### Exercise details
Begin at the line below that has "假小子李宇春的黑红往事,今身患不死癌症,她的故事比你想得精彩". Stop after the line that has "Cruzaa E-Scooter with", repeating each line exactly and leaving out the pictures.

### Records to use
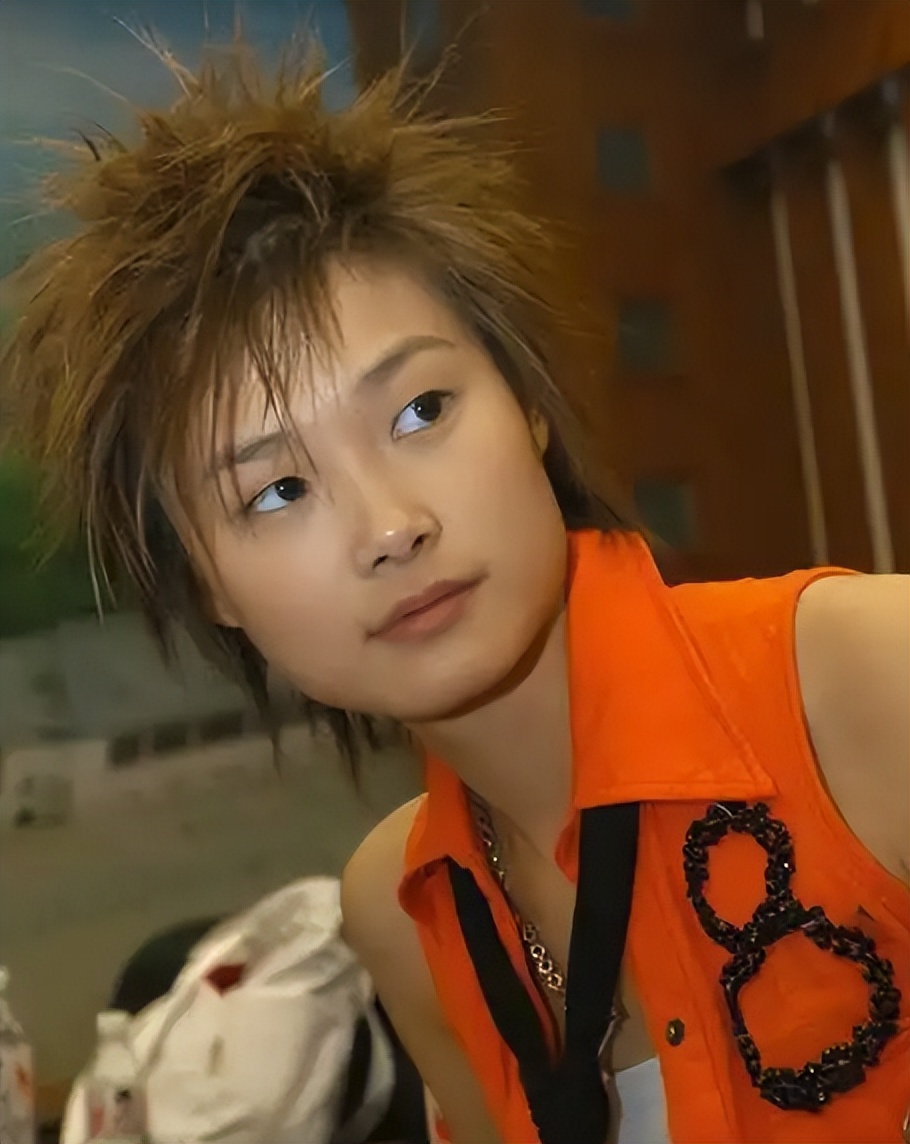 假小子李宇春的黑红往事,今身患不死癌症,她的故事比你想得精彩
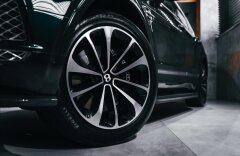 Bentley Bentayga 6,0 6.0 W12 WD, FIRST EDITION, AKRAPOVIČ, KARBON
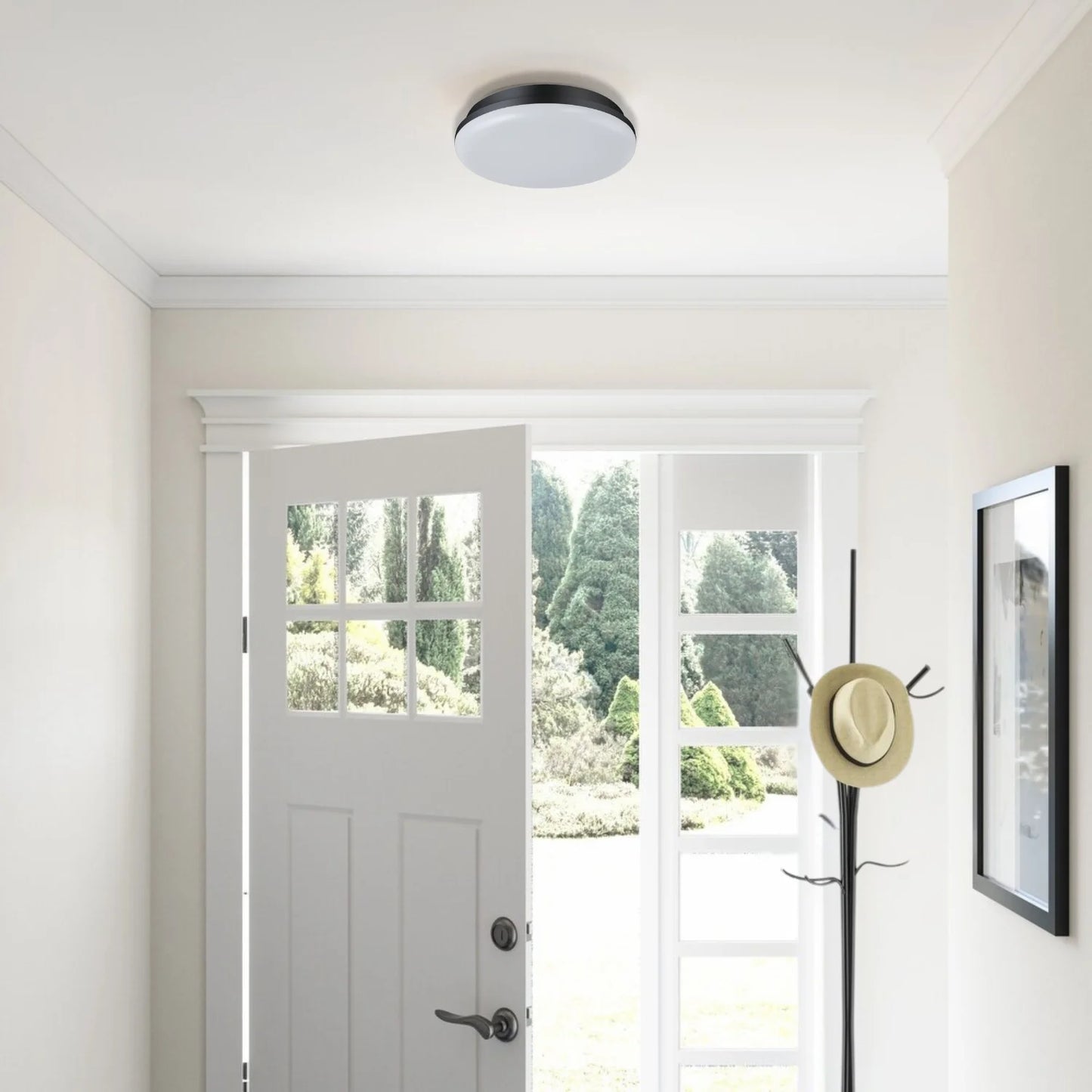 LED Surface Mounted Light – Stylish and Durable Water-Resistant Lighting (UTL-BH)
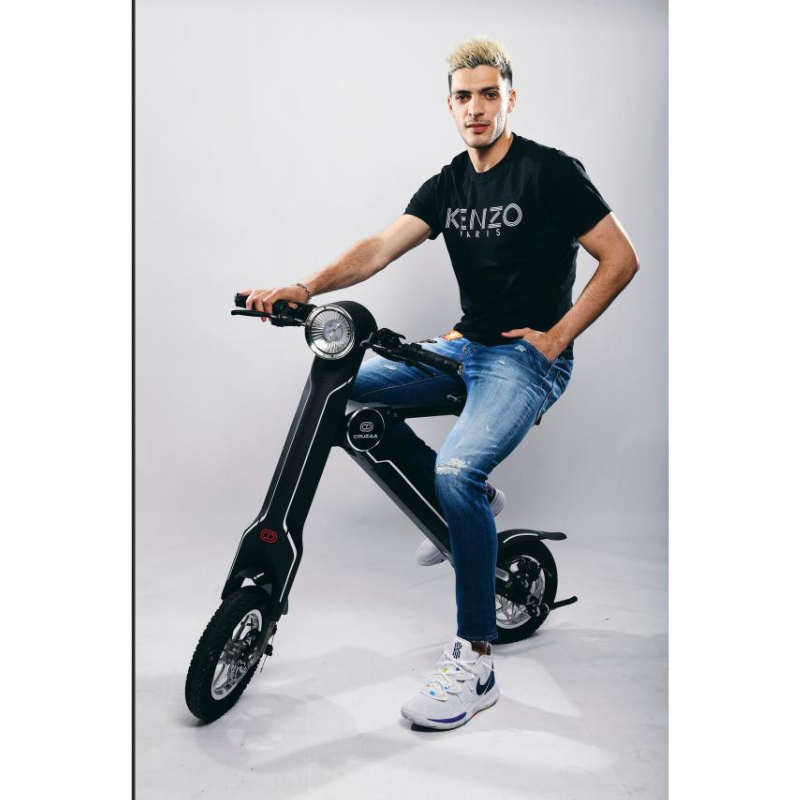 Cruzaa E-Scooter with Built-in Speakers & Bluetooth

...

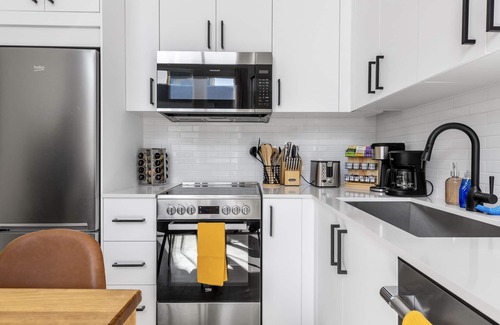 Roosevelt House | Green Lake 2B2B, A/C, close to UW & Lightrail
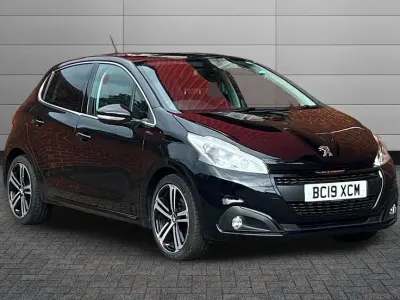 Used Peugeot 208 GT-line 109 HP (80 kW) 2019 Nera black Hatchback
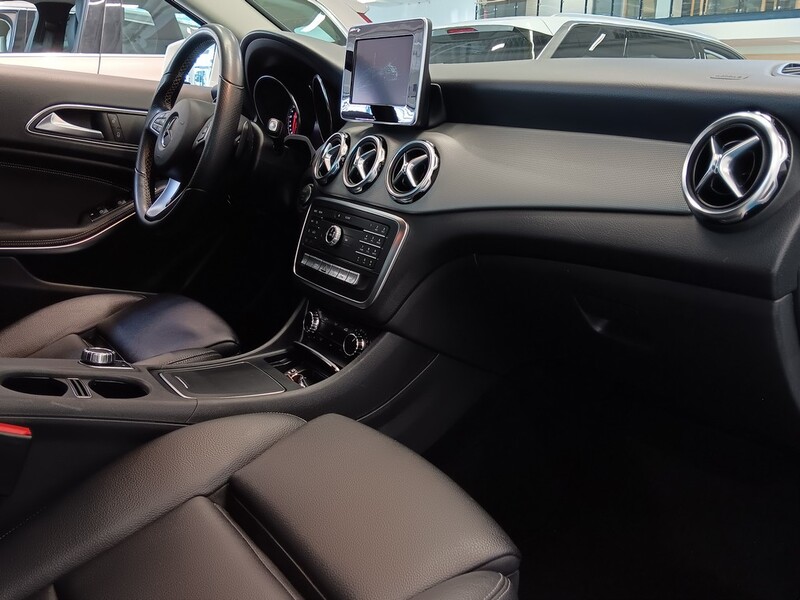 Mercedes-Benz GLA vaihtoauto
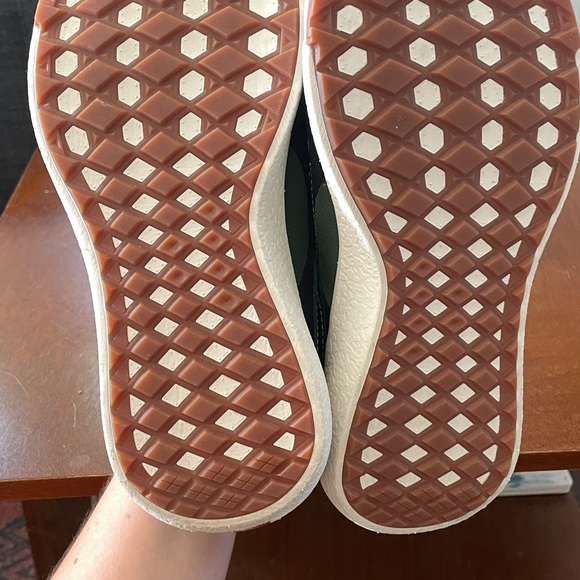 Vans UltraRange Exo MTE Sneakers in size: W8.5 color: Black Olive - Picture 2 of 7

### Written response
 假小子李宇春的黑红往事,今身患不死癌症,她的故事比你想得精彩
 Bentley Bentayga 6,0 6.0 W12 WD, FIRST EDITION, AKRAPOVIČ, KARBON
 LED Surface Mounted Light – Stylish and Durable Water-Resistant Lighting (UTL-BH)
 Cruzaa E-Scooter with Built-in Speakers & Bluetooth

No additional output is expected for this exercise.